Default investments under automatic enrollment have shifted to qualified default investment alternatives (QDIA) options, with target-date portfolios dominating. Currently, 78% of plans default participants’ funds into a target-date fund, up from 69% in 2009 and 50% in 2007. Balanced or target-risk funds are used with 13% of plans, managed accounts by 3%, and stable value or money market by 6% of employers.
The report notes that default contribution rates have also been discussed significantly in the marketplace, focusing on whether these rates are adequate given participant inertia. Two-thirds of plans (66%) continue to use a 1% to 3% default rate. These stats have only marginally improved in the past two years, with 15% of plans defaulting at a rate of 6% or higher (up from 12% of plans).
Automatic contribution escalation is also more popular, with 51% of plans offering the feature (up from 44% in 2009), and another 6% plan to add in 2011. Escalation is also more popular as part of automatic enrollment, with 45% of plans using automatic escalation within automatic enrollment (up from 40% in 2009). Escalation is more prevalent among plans that initially default at lower rates (76% default at 2% or 3% of pay initially).Automatic rebalancing is offered by 53% of plans, up from 47% in 2009. Another 3% of employers report they plan to adopt it during the coming year.
Advice More Prevalent
The Aon Hewitt survey found investment education and advisory services are increasingly prevalent and top of mind. Nearly all respondents (98%) use written materials for communicating investment concepts, while only 22% report that they are very effective. The most effective media reported is on-site seminars/workshops/meetings (ranked very effective by 54% of plans), followed by call center counseling (38%) and personalized communication (38%).
More companies are helping their employees make wise investment decisions by offering independent financial advice and education. Three-quarters (74%) of plan sponsors now offer outside investment advisory services to employees, up 50% since 2009 (offered by only 50% of plans). The types of services offered range from online advice (37%) and guidance tools (47%), one-on-one counseling (44%), and managed accounts (29%), with increases seen across all. Another 7% of employers note they will provide these types of services in the next year.
Close to half (47%) of employers now offer participants access to online guidance, up from 28% in 2009. Additionally, 44% of plans provide one-on-one financial counseling. Both online advice and managed accounts also increased in prevalence, now offered by 37% and 29% of plans, respectively, and 8% of sponsors are likely to add each solution in the coming year.
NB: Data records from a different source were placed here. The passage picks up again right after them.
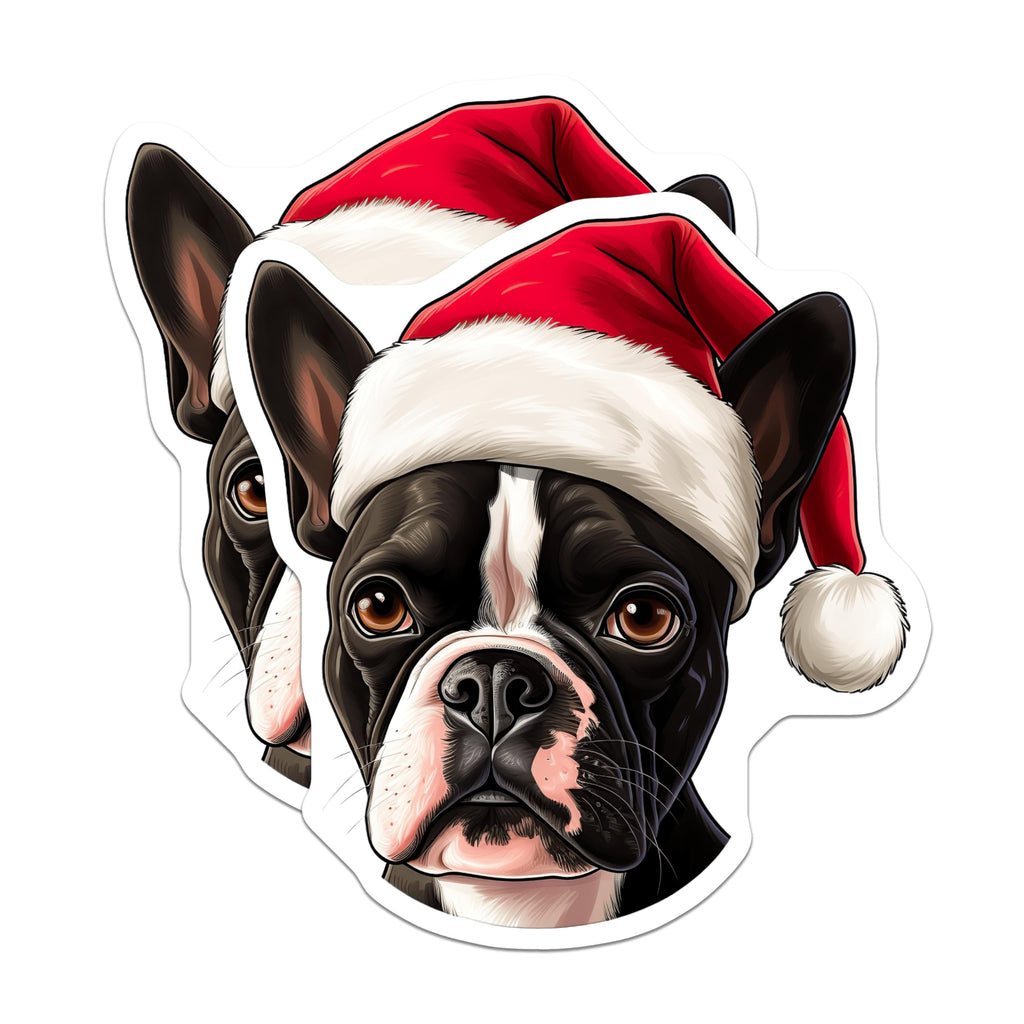 (2 Pack) French Bulldog Christmas Magnets - Santa Dog Holiday Decor - Puppy Pet Parent Present - 5 Inches On Longest Side - Thick Durable Magnet - Made in USA - MAG30573
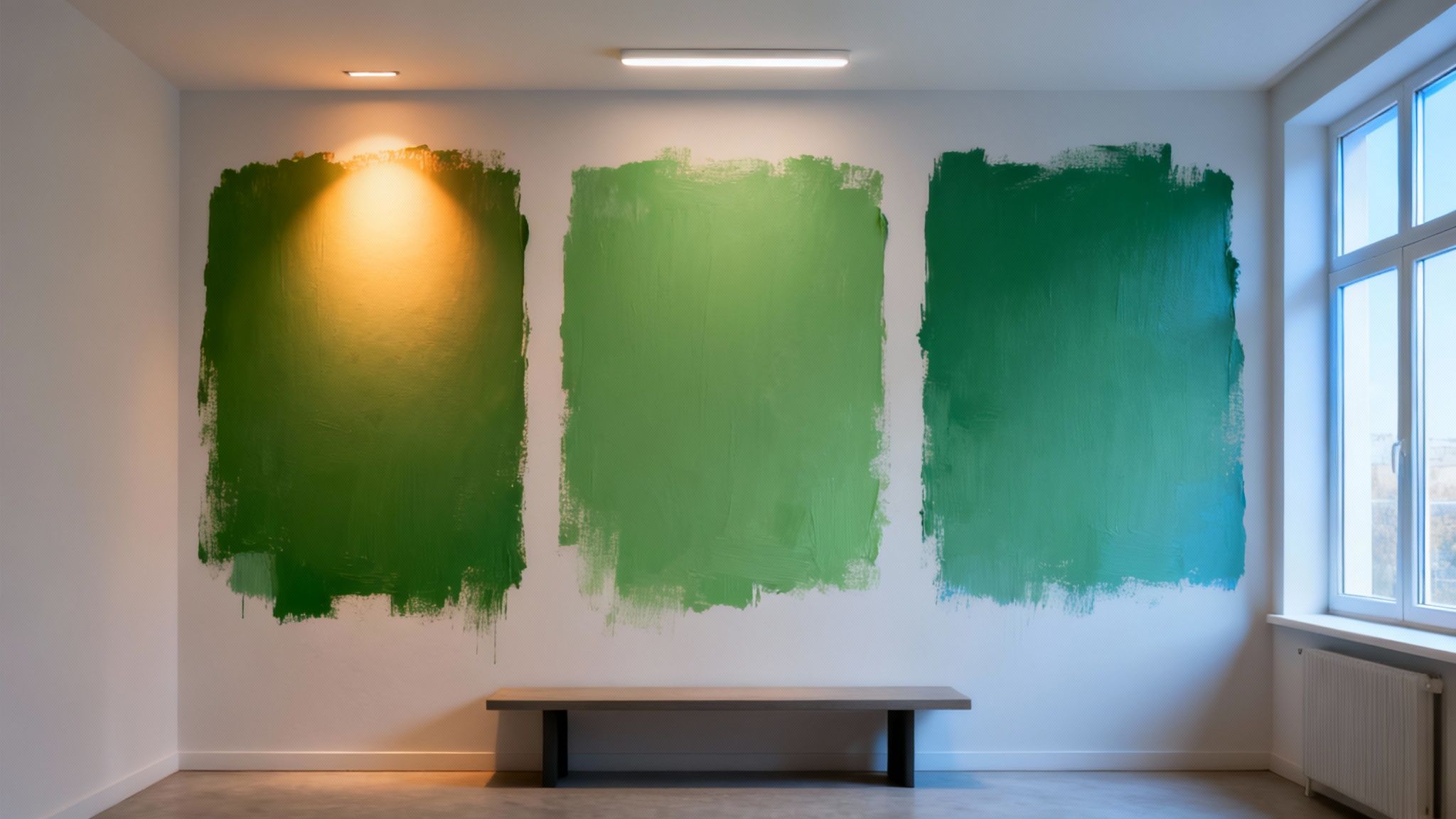 Three rectangular green paint swatches on a white wall, with a spotlight, a long light, a bench, and a window.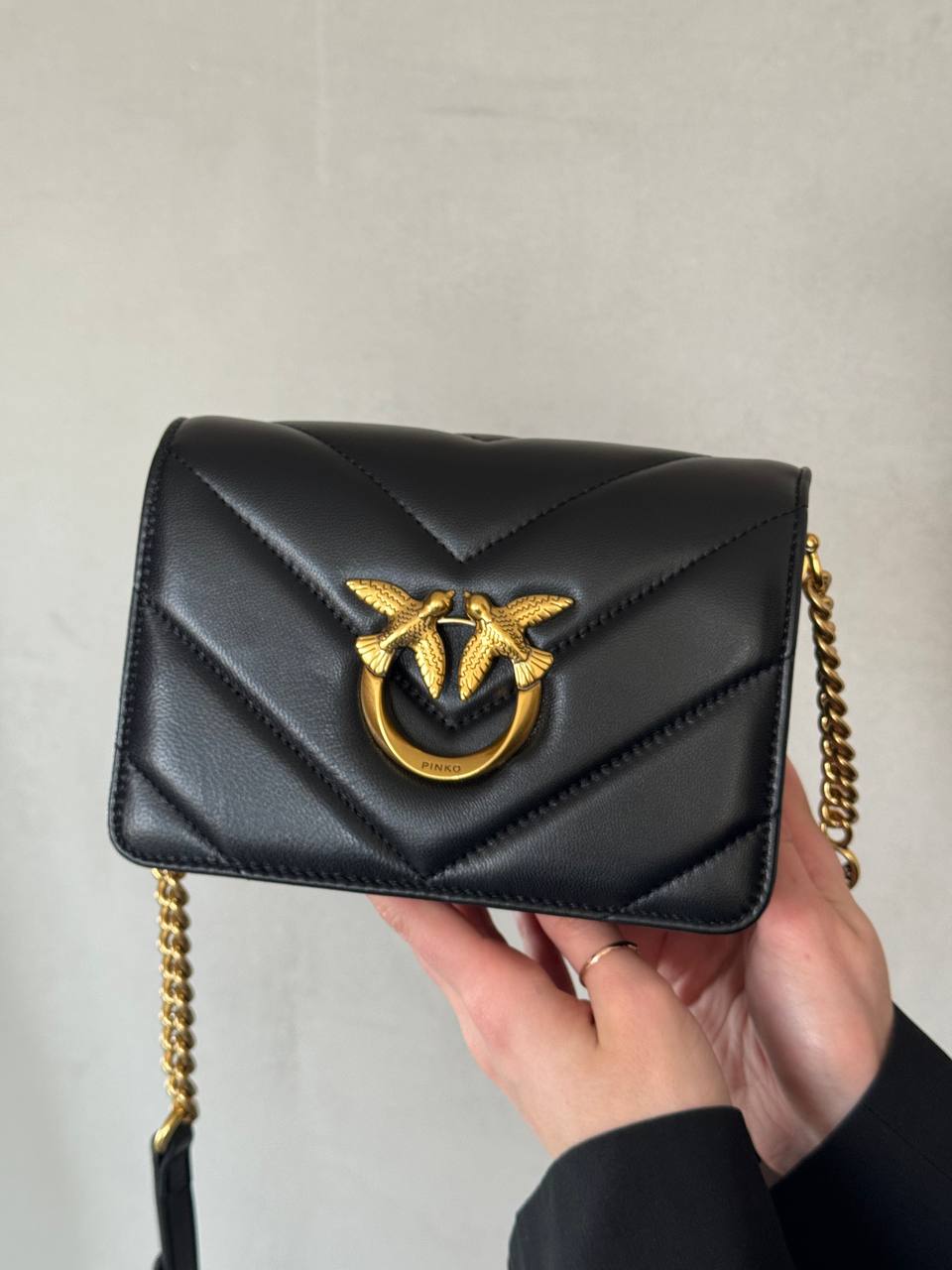 Pinko Mini Love Bag Click Big Chevron Black - 2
Among employers that do not offer outside investment advisory services to their employees, two-thirds report the main barrier being legal/fiduciary in nature. Cost concerns are reported as the primary barrier among 18% of plans.
The Trends & Experience in Defined Contribution (DC) plans survey has been conducted every two years since 1991. The 2011 survey was responded to by a record number of employers—546 across a variety of plan types, sizes and industries.